Hacker News new | ask | show | jobs
A kinda okay text generator (blog.ftql.pw)
77 points by pboyd2 2818 days ago
13 comments

POS tagging is a nice touch, but I've long wondered if there's a way to combine Markov sentence generation with actual grammatical rules -- that if there's an opening parenthesis there has to be a closing one, dependent clauses, etc. It would need to both gramatically parse the inputs as well as produce grammar trees for the outputs that would then be filled in by Markov chains that fit the trees...

Heck, even do it at a level larger than sentences too, so questions are followed by answers, a line of dialog is followed by a response, paragraphs follow a realistic distribution of lengths...

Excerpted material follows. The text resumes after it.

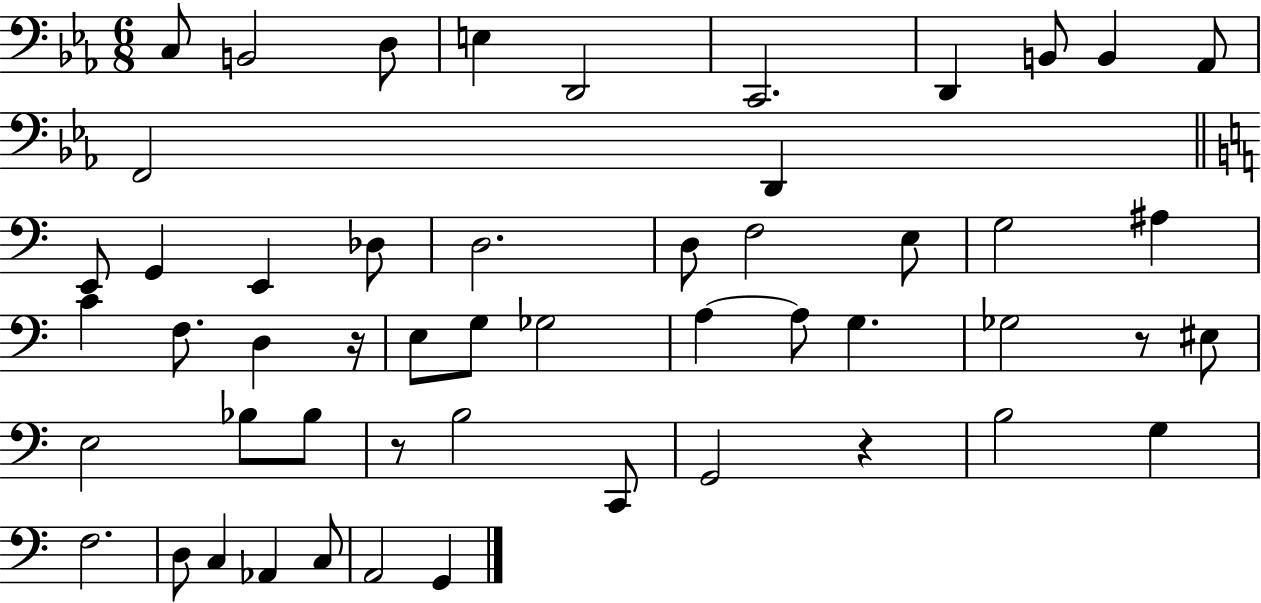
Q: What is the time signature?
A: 6/8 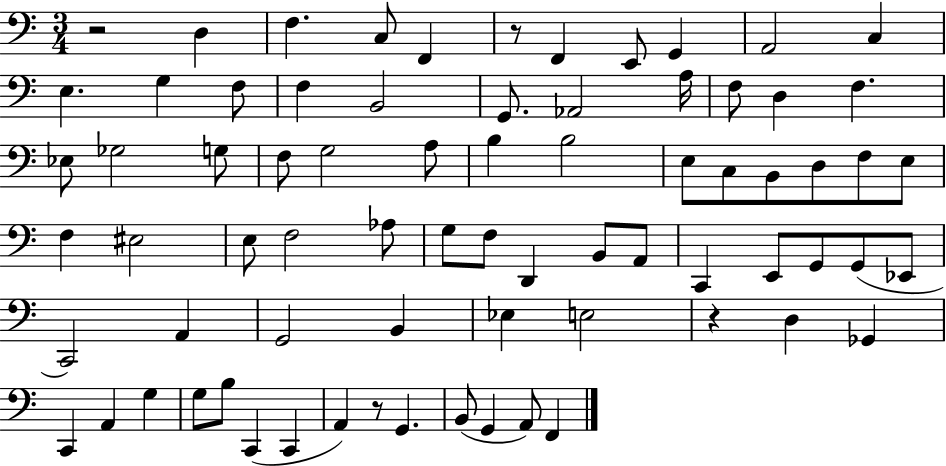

Hmm. A Markov chain where you actually do some kind of search? You build up a chain then backtrack and retry as necessary until you get something meeting the requirements.
See [0] for a method combining branch and prune with Markovian probabilities. I did a hacky version of my interpretation of this work at [1].

[0] https://link.springer.com/article/10.1007/s10601-010-9101-4

[1] https://github.com/kastnerkyle/pachet_experiments

Sounds like getting some sort of context free grammar out of it. There is a LR grammar algorithm that is very fast, you could use a Markov chain to generate and then a CFG to verify
Or a CFG to generate at a high level and a Markov chain to fill in the details
Excellent idea. Then it would actually read like language! But uh, how to choose sentence length and which grammars you want?
Children's poetry makes for fun source texts for these projects. In this case dumping a bunch of old poems generated mostly gibberish but I found the following examples amusing.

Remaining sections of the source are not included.